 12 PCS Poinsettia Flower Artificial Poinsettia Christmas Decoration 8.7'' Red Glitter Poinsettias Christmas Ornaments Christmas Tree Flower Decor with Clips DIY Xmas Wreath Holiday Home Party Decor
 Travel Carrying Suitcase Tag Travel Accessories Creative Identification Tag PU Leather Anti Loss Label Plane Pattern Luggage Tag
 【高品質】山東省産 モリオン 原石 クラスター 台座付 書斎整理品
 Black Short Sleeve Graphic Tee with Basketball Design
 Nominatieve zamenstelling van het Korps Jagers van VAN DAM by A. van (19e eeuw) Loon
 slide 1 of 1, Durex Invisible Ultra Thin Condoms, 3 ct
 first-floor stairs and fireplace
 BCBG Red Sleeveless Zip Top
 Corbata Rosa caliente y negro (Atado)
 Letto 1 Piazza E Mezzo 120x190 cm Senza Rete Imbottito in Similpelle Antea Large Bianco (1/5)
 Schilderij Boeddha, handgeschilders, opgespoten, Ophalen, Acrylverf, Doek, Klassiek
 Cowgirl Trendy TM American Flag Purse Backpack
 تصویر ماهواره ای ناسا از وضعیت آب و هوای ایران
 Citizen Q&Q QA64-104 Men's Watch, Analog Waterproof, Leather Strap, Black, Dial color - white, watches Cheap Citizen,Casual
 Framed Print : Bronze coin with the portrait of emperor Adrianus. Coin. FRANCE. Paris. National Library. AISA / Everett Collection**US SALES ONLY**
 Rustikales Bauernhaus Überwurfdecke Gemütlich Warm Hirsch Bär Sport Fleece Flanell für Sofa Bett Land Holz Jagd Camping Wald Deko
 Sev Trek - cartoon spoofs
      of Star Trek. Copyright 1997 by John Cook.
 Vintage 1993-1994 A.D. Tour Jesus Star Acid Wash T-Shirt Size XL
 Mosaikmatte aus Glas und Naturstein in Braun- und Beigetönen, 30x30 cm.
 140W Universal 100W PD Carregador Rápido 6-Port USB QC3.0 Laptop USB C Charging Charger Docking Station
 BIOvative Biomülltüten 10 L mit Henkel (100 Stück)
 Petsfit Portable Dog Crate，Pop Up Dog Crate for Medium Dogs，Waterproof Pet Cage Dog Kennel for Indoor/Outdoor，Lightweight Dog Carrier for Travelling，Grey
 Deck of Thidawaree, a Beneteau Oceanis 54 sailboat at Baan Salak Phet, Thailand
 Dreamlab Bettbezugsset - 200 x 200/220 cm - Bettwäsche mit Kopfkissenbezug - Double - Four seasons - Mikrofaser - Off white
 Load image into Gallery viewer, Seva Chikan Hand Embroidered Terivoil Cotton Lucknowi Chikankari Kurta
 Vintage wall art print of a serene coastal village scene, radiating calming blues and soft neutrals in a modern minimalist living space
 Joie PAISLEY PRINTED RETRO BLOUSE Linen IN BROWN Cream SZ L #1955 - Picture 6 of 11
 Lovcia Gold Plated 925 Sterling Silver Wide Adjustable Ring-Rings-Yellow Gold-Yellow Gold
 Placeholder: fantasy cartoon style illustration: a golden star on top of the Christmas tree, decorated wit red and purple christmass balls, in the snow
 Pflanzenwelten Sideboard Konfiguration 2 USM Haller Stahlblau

==============================

**WHAT YOU NEED TO DO**
Among the entries above, the line containing "Framed Print : Bronze", the line containing "Vintage 1993-1994 A.D.", and all lines between them are to be restated word for word; nothing else belongs in the reply.

**RESPONSE BOX**
 Framed Print : Bronze coin with the portrait of emperor Adrianus. Coin. FRANCE. Paris. National Library. AISA / Everett Collection**US SALES ONLY**
 Rustikales Bauernhaus Überwurfdecke Gemütlich Warm Hirsch Bär Sport Fleece Flanell für Sofa Bett Land Holz Jagd Camping Wald Deko
 Sev Trek - cartoon spoofs
      of Star Trek. Copyright 1997 by John Cook.
 Vintage 1993-1994 A.D. Tour Jesus Star Acid Wash T-Shirt Size XL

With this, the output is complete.